Double Wedding Ring
Page 19
Tag reached out and turned the screen on its swivel base so she could no longer see it. Then he picked her up and drew her onto his lap. She let out a startled cry.
“I want you every minute,” he said, softly touching her hair with his fingers. “Why is it so hard for you to believe that?”
She shook her head.
“Tell me, Susan.”
“You won’t make love with me again,” she whispered.
“This is Betsy’s house,” he said. “I won’t risk any kind of ugliness with her, not about that. Move out, Susan. Come home with me.”
She shook her head again, this time more forcefully. “Not now, Tag. I won’t come until I’m...better.”
She wanted to be able to walk and talk and drive and take care of his house and Cody and everything, just the way she had before. She would accept no less, no matter what Tag said.

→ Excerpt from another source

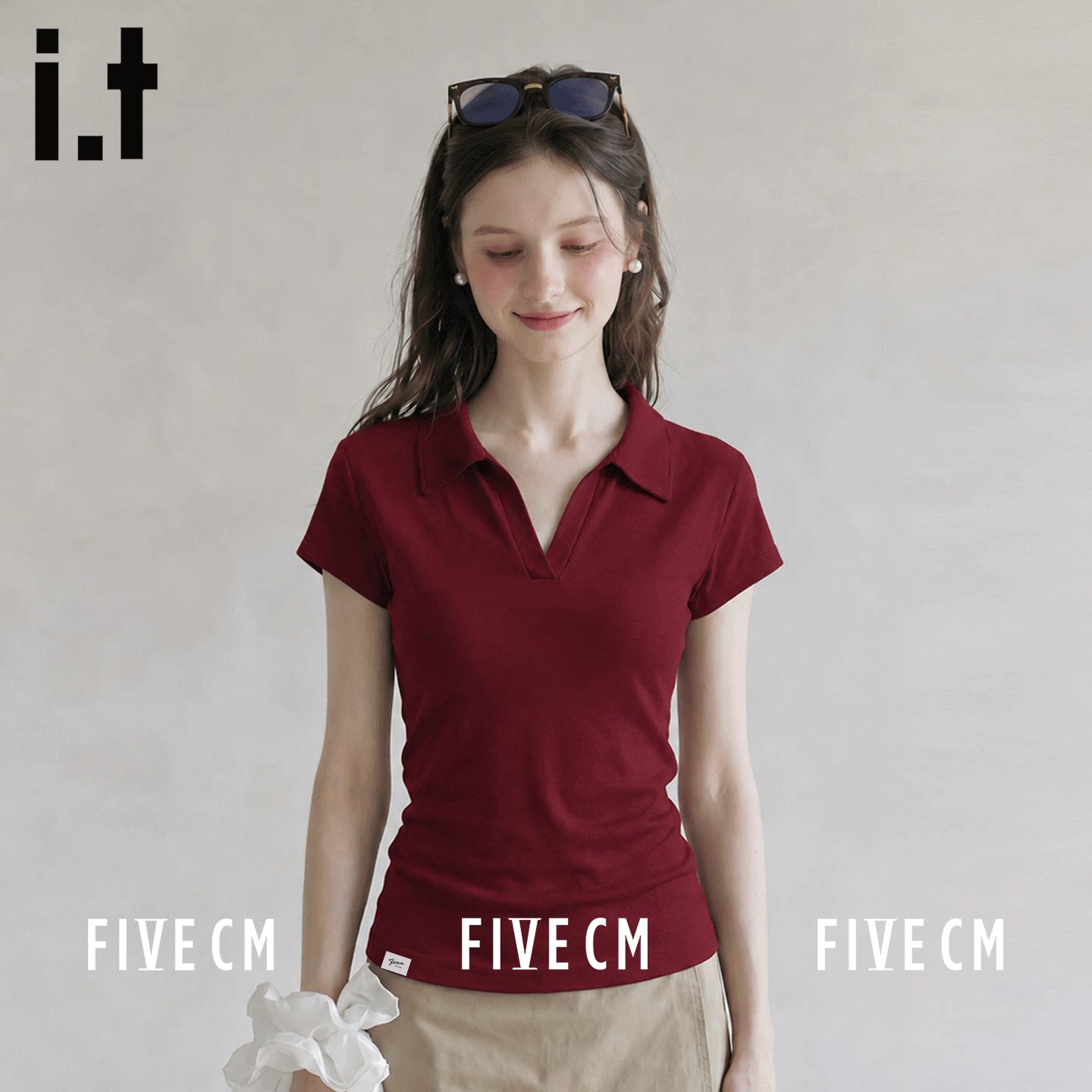 itFIVECMV领polo小飞袖上衣女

So, every morning, they plugged away at her reading and writing while Betsy plugged away at blocking Tag’s visits. She clipped the wires to the front doorbell. She kept the double doors to Susan’s room flung wide open whenever Tag came over and commenced her vacuuming or any other noisy activity to thwart their conversation. She sent Cody in to play while Susan and Tag tried to work. She opened the door leading from the kitchen to Susan’s room and rattled pans for hours on end. She invited Addy to come over an hour earlier, until Addy figured out what was going on and resumed the previous schedule. She even started inviting Bump Finley to bring his nephew over in the mornings so Cody and Jake could play their rambunctious games on the side porch.

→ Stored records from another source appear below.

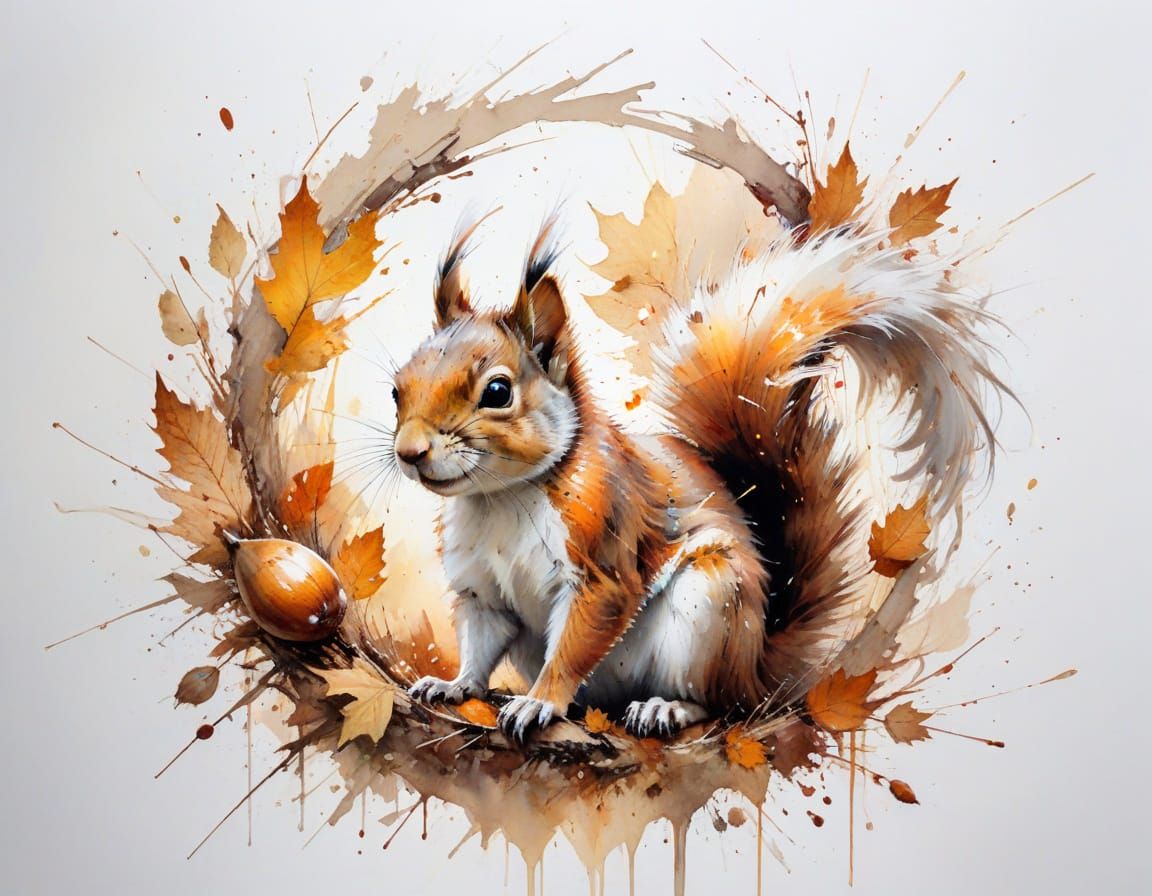 Squirrel Kit with Acorn in Golden Light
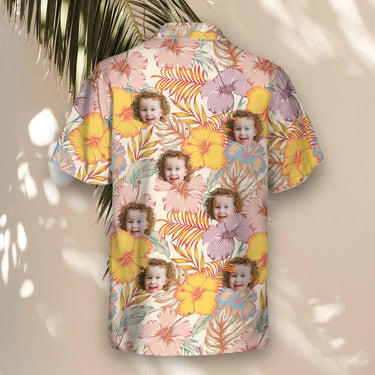Hibiscus Summer custom Hawaiian shirt with photos, example 1
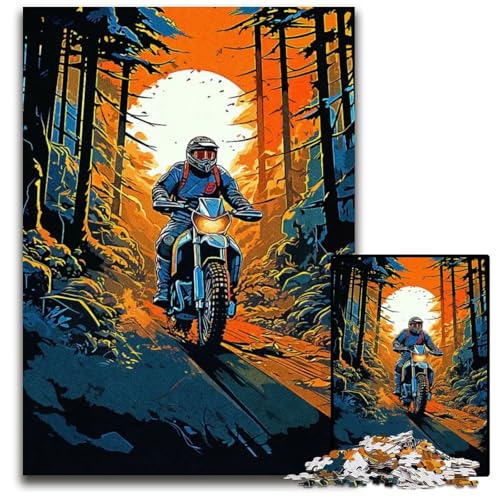 Forest Rides Puzzle 1000 Teile für Erwachsene Holzpuzzle für Erwachsene anspruchsvolles Denkspiel für Teenager Spaß für den Familienspielabend 1000 Teile (75 x 50 cm) von CXUOSADIP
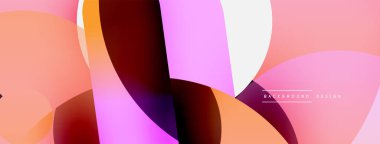 Yuvarlak şekiller daireler ve diğer geometrik şekiller. Duvar kağıdı afişi arkaplan kartı veya iniş sayfası için vektör illüstrasyonu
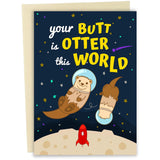 Funny Valentines Day Cards For Him Her | Funny Anniversary Cards For Husband Wife | Birthday Card For Men Women | Otter This World Card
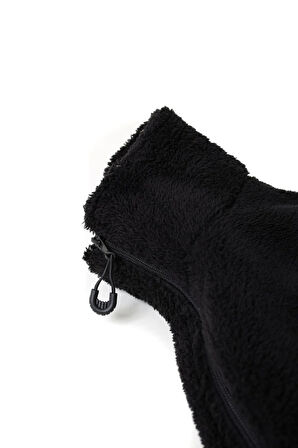 Erkek Pelüş Ceket Kalın Oversize Fermuarlı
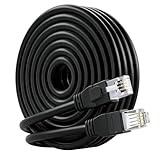 FTP Shielded Cat 6 Outdoor Ethernet Cable 10 FT, 10Gbps 550MHz 23AWG OFC Pure Copper, Direct Burial Waterproof UV Resistant Indoor/Outdoor RJ45 LAN Internet Cord for Router/Server/PC/IP Camera, Black
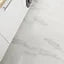 Ultimate White Gloss Marble effect Porcelain Floor Tile, Pack of 3, (L)595mm (W)595mm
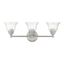 Moreland Brushed Nickel 3-Light Vanity with Hand Blown Glass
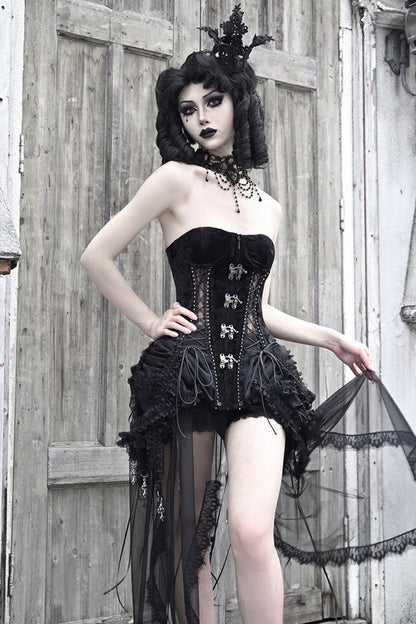 Ebony Cutout Corset Lace-Up Gothic Dress - Hell Alice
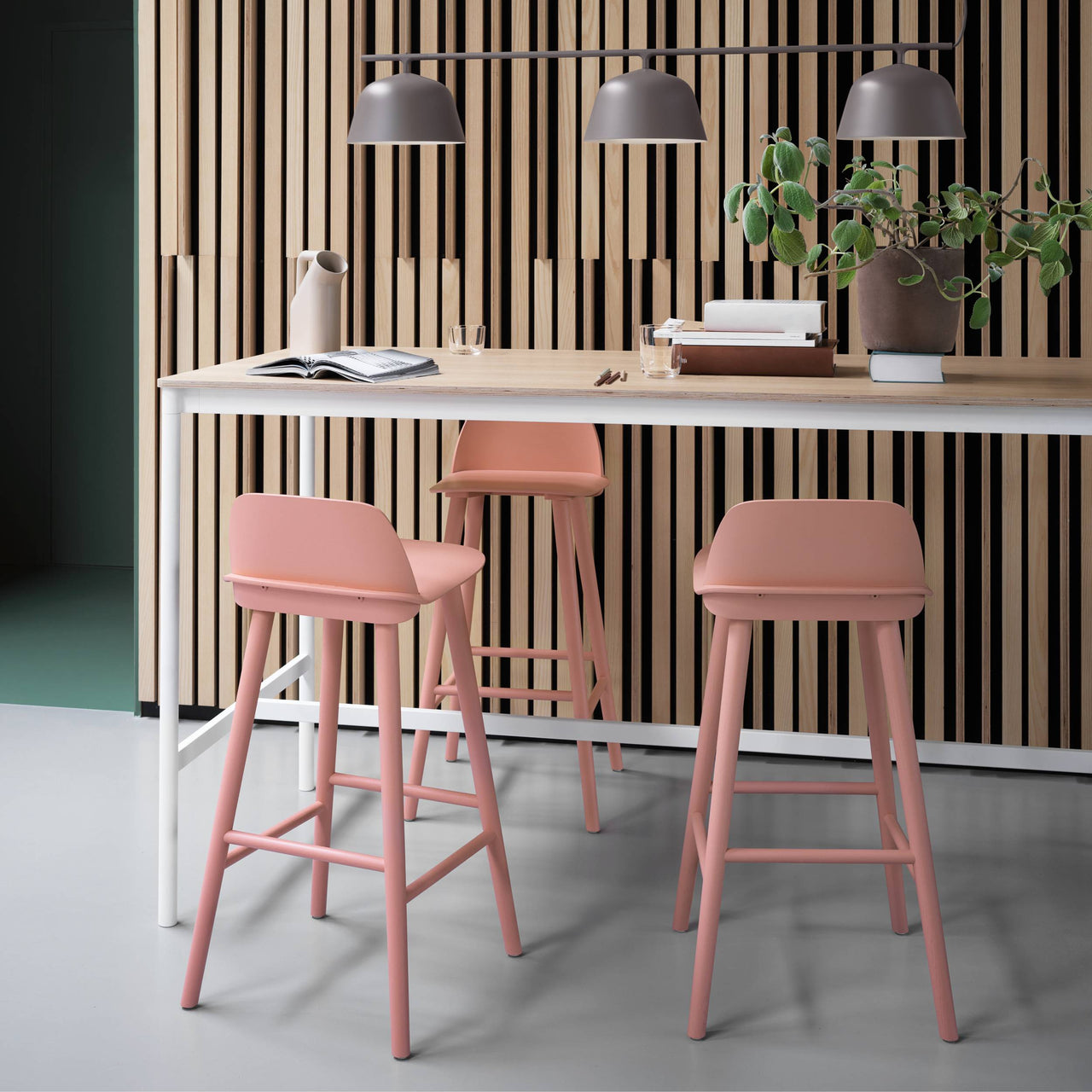 Nerd Bar + Counter Stool: Steel Footrest + LS
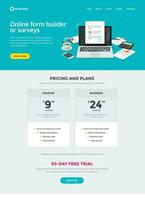 Survey form builder web site template design or questionnaire checklist layout vector page, exam or quiz management flat cartoon website, online education modern banner, internet study tech image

The only thing she didn’t do was speak—to either one of them.
Susan’s concentration suffered. So did her emotional state. Some days she desperately wanted to pull the covers over her head and avoid the hostility that emanated from her mother. But that way, she knew, lay defeat. And she refused to be defeated by her mother.

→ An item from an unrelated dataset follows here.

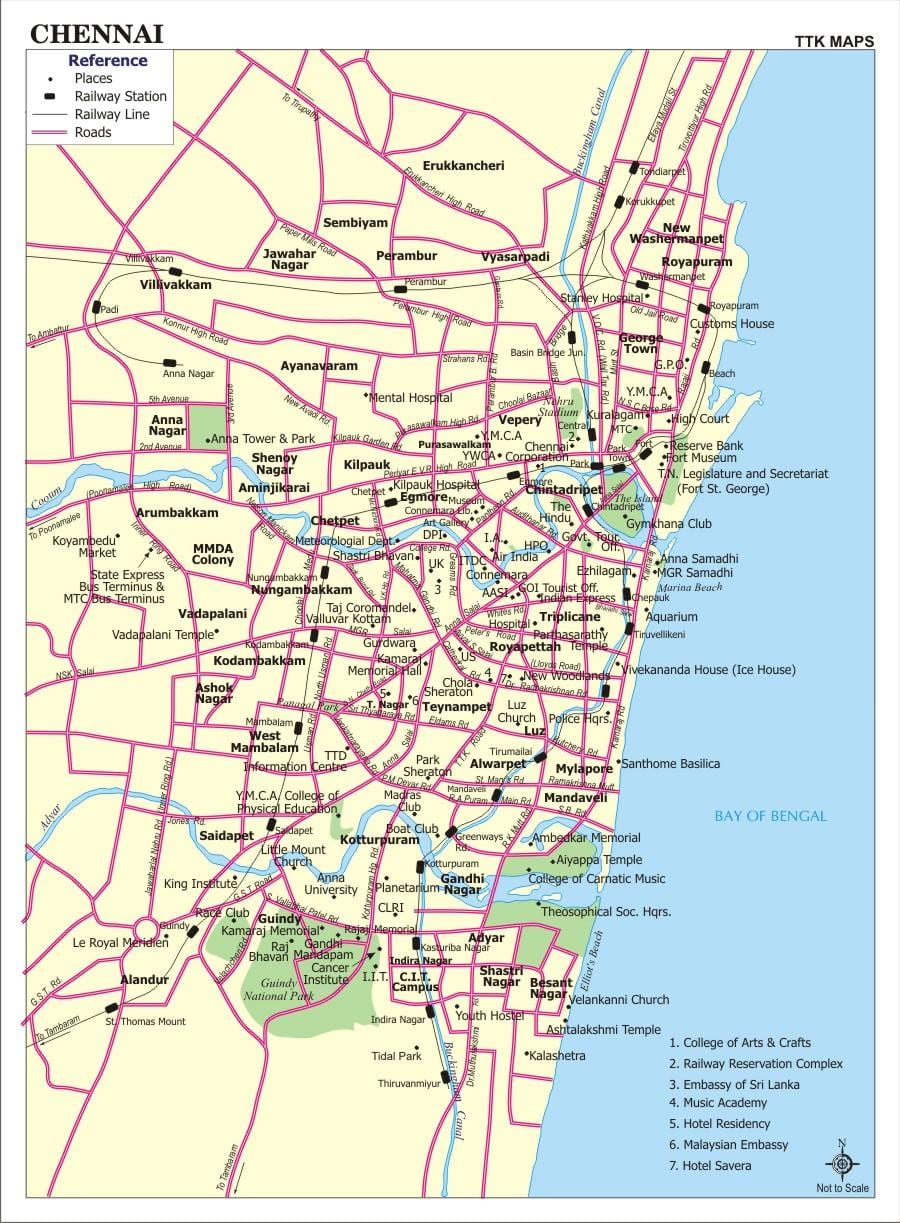 சென்னை நகரம் வரைபடத்தை கொண்டு தெருக்களில்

“Not again,” she would whisper to herself, then begin the painstaking process of dragging herself out of bed and bathing and changing clothes. “Never again.”
Some days the strain gave her headaches. Some days she was so weary from it all, she could barely keep herself moving for late-afternoon therapy.
“Is something wrong, Susan?” Sam asked one day when she felt too weak to drag herself out of the wheelchair.
Afraid to tell him for fear he, too, might ban Tag from the house, Susan shook her head. “I’m fine.”
“No, you aren’t. Is it Tag?”
“No!” She tried to swallow back the panic. “No, really. I...I don’t sleep well. That’s all.”
“Why not? What’s on your mind?”
Frustration welled up in Susan. Sometimes she felt badgered on every front.
“Malorie,” she said, wondering where that had come from.
“What about Malorie?”
She saw the interest in his eyes and felt guilty for the fib. Except, as she thought about what to tell him next, she realized it was no fib at all. She did worry about her daughter. On top of everything else, she saw how wan and edgy her daughter seemed these days. She had seen her daughter sink into that state before. If only she could remember when and why, perhaps she could prevent it from happening again.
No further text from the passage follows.